In life, as Mr. Twain notes above, perhaps especially so in politics & statecraft, knowledge (what Jewish tradition calls chochmah) doesn’t equate with wisdom (da’at). Tradition teaches, joining knowledge and wisdom is binah, understanding (aka, the acronym CHaBaD).
Sinai was knowledge. But as C.S. Lewis’ Professor Digory noted, schools don’t teach everything one needs to know.
God knew that. He intended mankind internalize the lesson that sometimes the only way we make judgments on what were the right choices is by letting time tell. Thus Sinai is where we learn of shemitah.
Land recharges when it lies fallow; rejuvenates and even grows in ways it never would if “worked.” Same for our minds, bodies and souls; that’s why one of the great rabbis of the last century, Rabbi Shlomo Wolbe, required his students to take a walk by themselves each day.

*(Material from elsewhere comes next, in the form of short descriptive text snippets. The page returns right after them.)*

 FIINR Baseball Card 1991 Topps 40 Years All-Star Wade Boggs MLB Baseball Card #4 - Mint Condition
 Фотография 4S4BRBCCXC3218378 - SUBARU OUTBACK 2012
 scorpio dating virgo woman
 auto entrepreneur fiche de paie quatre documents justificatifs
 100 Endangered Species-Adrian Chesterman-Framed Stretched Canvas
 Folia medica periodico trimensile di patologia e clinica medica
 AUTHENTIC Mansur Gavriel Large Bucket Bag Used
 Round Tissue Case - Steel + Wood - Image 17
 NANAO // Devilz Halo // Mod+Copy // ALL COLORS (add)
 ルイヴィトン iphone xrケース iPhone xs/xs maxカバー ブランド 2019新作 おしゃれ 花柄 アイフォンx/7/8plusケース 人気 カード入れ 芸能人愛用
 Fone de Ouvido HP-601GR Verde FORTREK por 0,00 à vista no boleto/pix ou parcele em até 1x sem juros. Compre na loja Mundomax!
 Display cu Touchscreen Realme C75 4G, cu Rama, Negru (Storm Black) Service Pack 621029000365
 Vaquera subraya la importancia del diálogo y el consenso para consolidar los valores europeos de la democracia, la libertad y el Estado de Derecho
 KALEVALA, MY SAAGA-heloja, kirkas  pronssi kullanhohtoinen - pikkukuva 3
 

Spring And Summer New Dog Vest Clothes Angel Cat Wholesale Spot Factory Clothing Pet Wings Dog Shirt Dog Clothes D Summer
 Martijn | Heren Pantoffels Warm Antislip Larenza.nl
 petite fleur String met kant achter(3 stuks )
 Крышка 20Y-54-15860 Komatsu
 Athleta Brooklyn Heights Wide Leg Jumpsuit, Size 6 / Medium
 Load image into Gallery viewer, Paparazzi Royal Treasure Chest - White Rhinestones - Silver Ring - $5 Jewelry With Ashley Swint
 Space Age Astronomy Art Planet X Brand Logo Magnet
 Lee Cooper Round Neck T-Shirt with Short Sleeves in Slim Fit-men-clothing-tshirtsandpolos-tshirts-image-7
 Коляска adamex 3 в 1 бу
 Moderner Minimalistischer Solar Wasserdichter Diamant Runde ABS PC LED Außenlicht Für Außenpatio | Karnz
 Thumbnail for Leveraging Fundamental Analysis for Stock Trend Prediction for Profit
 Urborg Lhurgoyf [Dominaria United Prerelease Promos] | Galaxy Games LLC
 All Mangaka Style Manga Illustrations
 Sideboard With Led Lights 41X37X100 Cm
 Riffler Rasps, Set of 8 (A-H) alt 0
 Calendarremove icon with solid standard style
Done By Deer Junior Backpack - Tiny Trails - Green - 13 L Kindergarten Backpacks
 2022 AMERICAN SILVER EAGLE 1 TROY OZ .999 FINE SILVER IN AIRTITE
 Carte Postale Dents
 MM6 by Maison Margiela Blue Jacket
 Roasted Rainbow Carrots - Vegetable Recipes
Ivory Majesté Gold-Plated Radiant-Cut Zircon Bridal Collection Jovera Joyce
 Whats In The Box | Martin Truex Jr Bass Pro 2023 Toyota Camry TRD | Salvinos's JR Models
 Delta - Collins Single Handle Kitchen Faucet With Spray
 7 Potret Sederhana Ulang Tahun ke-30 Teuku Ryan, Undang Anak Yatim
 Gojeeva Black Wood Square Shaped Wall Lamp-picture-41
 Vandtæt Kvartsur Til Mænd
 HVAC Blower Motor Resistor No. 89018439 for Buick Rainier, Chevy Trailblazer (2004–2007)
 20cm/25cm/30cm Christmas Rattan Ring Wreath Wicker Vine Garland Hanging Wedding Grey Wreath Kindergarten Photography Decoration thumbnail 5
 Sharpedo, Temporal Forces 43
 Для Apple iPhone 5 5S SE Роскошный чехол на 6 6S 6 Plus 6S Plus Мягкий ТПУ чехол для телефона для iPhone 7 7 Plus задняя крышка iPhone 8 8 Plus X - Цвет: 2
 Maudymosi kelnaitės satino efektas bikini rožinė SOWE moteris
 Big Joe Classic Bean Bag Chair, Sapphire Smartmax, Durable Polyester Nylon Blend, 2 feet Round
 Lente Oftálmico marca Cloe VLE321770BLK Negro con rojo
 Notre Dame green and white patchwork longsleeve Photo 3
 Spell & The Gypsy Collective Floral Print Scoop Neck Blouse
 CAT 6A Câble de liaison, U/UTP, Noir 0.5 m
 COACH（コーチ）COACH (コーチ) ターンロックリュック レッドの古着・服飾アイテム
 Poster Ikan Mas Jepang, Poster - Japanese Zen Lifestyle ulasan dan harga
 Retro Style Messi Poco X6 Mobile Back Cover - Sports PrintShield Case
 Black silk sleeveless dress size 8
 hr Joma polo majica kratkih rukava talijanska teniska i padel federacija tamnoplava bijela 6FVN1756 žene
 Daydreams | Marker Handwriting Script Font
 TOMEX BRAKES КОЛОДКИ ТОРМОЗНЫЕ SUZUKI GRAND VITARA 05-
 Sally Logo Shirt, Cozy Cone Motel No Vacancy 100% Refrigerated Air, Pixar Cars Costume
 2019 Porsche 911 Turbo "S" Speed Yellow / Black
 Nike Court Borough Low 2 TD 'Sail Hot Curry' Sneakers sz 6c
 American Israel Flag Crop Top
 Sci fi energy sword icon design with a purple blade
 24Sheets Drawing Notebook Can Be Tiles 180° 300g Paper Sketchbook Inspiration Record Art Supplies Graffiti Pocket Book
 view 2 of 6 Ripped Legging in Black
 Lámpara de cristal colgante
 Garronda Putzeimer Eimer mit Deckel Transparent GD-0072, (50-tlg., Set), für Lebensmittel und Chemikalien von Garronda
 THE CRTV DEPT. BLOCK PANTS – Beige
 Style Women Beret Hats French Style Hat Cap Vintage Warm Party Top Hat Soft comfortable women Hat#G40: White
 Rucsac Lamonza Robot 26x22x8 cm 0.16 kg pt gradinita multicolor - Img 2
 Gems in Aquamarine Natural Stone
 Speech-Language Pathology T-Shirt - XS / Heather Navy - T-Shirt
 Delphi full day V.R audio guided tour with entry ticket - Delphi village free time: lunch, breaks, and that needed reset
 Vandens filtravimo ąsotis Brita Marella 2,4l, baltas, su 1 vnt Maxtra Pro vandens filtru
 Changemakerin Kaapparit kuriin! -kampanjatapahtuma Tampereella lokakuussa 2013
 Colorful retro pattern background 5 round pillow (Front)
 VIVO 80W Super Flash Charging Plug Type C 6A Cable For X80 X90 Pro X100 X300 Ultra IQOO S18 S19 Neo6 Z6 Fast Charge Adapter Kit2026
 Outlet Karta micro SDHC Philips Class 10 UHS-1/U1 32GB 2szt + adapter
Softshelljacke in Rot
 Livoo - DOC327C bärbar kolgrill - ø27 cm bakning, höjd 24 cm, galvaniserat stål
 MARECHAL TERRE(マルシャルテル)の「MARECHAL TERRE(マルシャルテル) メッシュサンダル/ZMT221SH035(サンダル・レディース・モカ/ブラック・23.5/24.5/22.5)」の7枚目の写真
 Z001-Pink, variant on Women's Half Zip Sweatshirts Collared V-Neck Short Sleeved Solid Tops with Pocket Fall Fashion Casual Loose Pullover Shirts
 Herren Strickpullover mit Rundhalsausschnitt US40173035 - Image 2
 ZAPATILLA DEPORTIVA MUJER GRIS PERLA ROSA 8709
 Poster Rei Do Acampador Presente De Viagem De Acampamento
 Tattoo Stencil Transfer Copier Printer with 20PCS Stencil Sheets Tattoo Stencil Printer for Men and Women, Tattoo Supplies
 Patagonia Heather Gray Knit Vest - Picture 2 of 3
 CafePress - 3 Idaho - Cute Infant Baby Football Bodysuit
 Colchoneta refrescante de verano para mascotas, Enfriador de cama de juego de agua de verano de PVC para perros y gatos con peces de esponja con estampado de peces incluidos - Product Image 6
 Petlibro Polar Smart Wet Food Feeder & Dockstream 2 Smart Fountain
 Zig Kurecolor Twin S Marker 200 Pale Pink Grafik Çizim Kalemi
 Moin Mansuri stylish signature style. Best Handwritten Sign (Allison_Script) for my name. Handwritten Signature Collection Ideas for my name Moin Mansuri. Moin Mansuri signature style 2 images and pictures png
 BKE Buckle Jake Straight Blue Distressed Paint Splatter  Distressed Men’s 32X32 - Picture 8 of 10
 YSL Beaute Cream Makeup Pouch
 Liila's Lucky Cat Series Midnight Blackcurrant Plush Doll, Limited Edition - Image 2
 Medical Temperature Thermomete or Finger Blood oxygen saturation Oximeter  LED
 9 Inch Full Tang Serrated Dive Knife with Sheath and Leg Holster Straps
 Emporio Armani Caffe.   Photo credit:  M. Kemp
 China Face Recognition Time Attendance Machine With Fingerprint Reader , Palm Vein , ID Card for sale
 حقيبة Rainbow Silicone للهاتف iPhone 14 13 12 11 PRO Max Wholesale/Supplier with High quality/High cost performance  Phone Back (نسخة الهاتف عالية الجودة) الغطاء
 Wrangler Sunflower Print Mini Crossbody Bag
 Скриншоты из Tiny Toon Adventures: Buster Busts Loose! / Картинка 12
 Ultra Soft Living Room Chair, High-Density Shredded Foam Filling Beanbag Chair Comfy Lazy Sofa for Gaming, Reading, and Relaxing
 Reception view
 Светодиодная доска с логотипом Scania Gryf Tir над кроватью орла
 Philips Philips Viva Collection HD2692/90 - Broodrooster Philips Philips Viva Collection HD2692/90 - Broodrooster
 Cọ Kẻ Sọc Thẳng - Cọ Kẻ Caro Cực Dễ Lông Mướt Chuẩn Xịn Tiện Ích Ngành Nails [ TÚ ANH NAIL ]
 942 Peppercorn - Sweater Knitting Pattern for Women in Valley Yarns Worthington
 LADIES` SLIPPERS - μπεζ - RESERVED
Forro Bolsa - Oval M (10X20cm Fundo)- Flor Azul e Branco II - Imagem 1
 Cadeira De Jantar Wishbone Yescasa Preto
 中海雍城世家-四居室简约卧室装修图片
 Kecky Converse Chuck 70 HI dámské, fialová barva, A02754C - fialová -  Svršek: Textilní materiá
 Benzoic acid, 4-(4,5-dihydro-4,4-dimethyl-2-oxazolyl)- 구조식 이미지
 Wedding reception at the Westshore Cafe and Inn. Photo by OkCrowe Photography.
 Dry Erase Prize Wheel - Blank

President Ford, pilloried by his decision to pardon Richard Nixon, in the short term saw it contribute to his electoral defeat. Seen from the rear view mirror decades since, it was prophetic; exactly the right move.
In our personal, communal and national lives, the lessons of Behar are that we don’t always know, time does heal (almost) all and our bodies, minds and even our body politics all benefit from sabbaticals.
Words to consider, ideas to ponder — politics and the parsha.